Personal information
- Born: April 22, 1986 (age 40) Fullerton, California, U.S.
- Listed height: 6 ft 7 in (2.01 m)
- Listed weight: 270 lb (122 kg)

Career information
- High school: Fullerton Union
- College: UC Irvine (basketball)
- NFL draft: 2013: undrafted

Career history
- Seattle Seahawks (2013)*; Arizona Cardinals (2013–2016); Detroit Lions (2017); Cleveland Browns (2018); Houston Texans (2019–2020); Detroit Lions (2021); Tampa Bay Buccaneers (2021);
- * Offseason or practice squad member only

Career NFL statistics
- Receptions: 127
- Receiving yards: 1,526
- Receiving touchdowns: 21
- Stats at Pro Football Reference

= Darren Fells =

American football player (born 1986)

Darren Andre Fells (born April 22, 1986) is an American former professional football player who was a tight end in the National Football League (NFL). He did not play college football, instead playing college basketball for the UC Irvine Anteaters. Prior to his NFL career, Fells played professional basketball in several countries and was then signed by the Seattle Seahawks in 2013. He has also played for the Arizona Cardinals, Detroit Lions, Cleveland Browns, Houston Texans, and Tampa Bay Buccaneers.

==Early life==
Fells attended Fullerton Union High School in Fullerton, California, where he played basketball and was selected to the All-CIF Southern Section II-A second team as a junior while averaging 17 points and 10 rebounds as the team's center. Fells was also named All-Freeway League second team in his junior season.

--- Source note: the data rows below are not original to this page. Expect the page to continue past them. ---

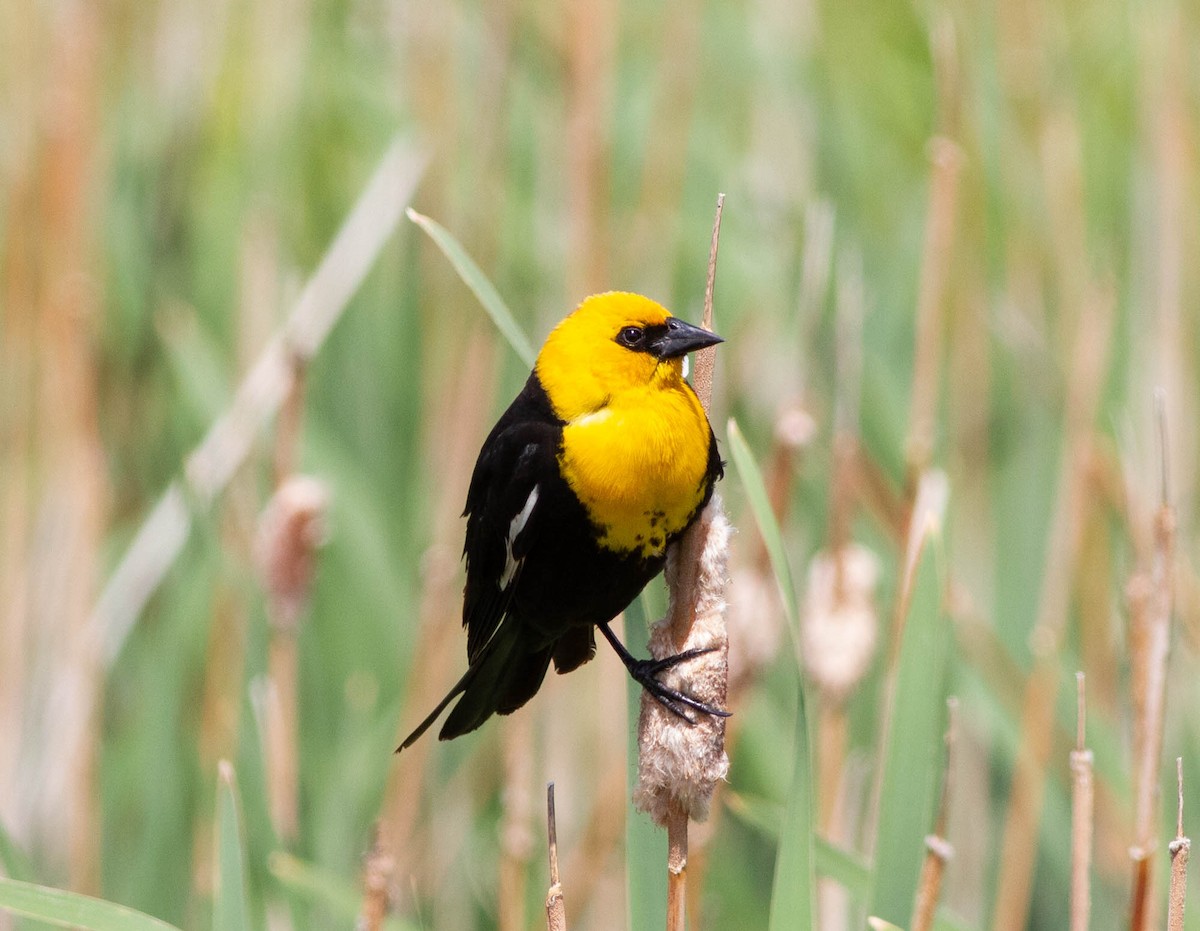 Yellow-headed Blackbird - Gaelen Schnare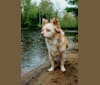 Photo of Max, a Pomchi  in Amherst, WI, USA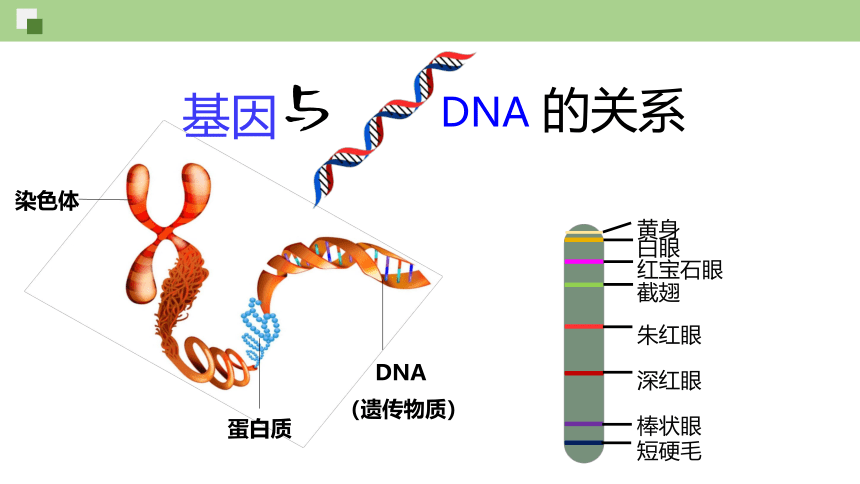 3.4基因通常是有遗传效应的DNA片段-人教版2019必修2(共33张PPT)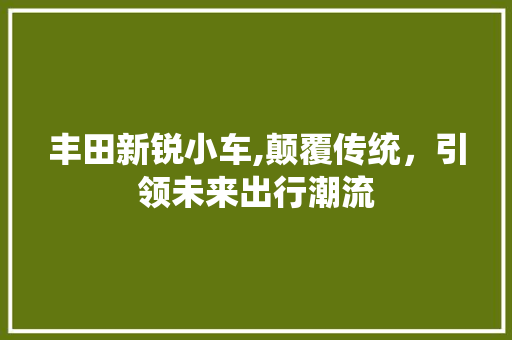 丰田新锐小车,颠覆传统，引领未来出行潮流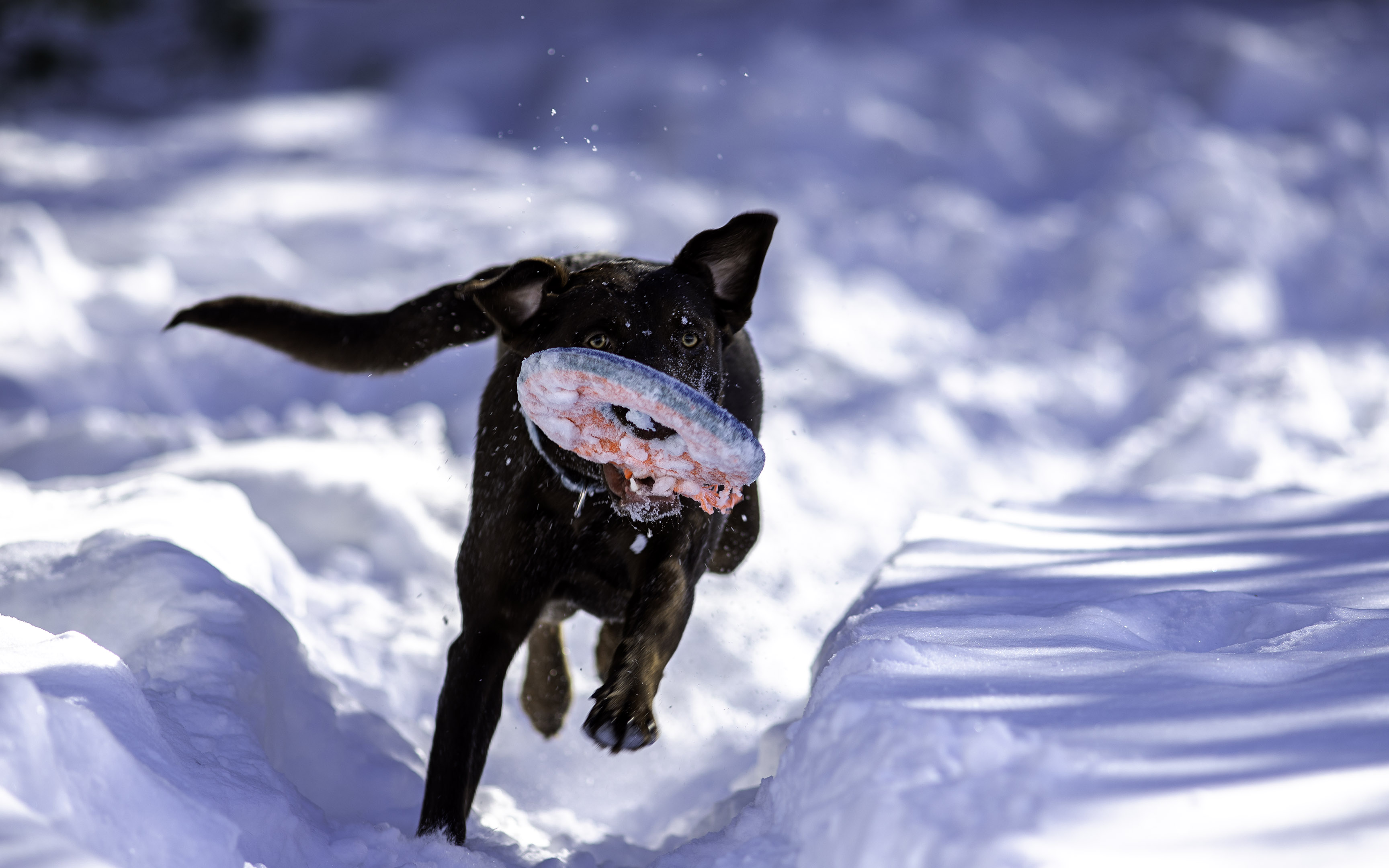 taiga_neige_disc_280mmf4_5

==Professional basketball career==

From 2008 to 2012, Fells played professional basketball in Argentina, Mexico, Belgium, Finland, and France.

As a rookie on the Basketball League Belgium Division I team Leuven Bears in 2008–09, Fells wore the jersey #14 and averaged 9.3 points, 4.9 rebounds, and 1.5 assists in 33 games. In his second season with the team in 2009–10, Fells averaged 8.1 points and 4.7 rebounds.

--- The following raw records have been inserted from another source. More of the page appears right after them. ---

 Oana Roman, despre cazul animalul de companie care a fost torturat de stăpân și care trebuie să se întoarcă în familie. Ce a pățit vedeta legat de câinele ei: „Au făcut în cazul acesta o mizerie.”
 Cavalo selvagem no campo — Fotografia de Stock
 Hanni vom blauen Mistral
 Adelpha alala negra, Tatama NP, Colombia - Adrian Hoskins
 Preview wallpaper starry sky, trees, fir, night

In the 2010–11 season, Fells played for Kataja Basket Club of the Finnish Korisliiga, wearing jersey #7. In 55 games, he averaged 13.8 points and 8.3 rebounds. Kataja were runners-up of the 2011 Korisliiga Finals.

A Étendard de Brest of French LNB Pro B, Fells played 25 games for Soles de Mexicali of the Mexican Liga Nacional de Baloncesto Profesional in the 2011–12 season and wore jersey #12. He averaged 13.5 points and 7.5 rebounds. After the LNBP season ended, Fells played nine games for Obras Sanitarias of the Argentine Liga Nacional de Basquet from March to April 2012 and averaged 6.9 points and 4.7 rebounds. Like at Soles de Mexicali, Fells wore jersey #12 for Obras.

In December 2012, Fells signed with Libertad de Sunchales but did not play any games.

==Professional football career==
===Seattle Seahawks===
On March 6, 2013, Fells was signed by the Seattle Seahawks. On May 18, he was waived, but was re-signed two days later.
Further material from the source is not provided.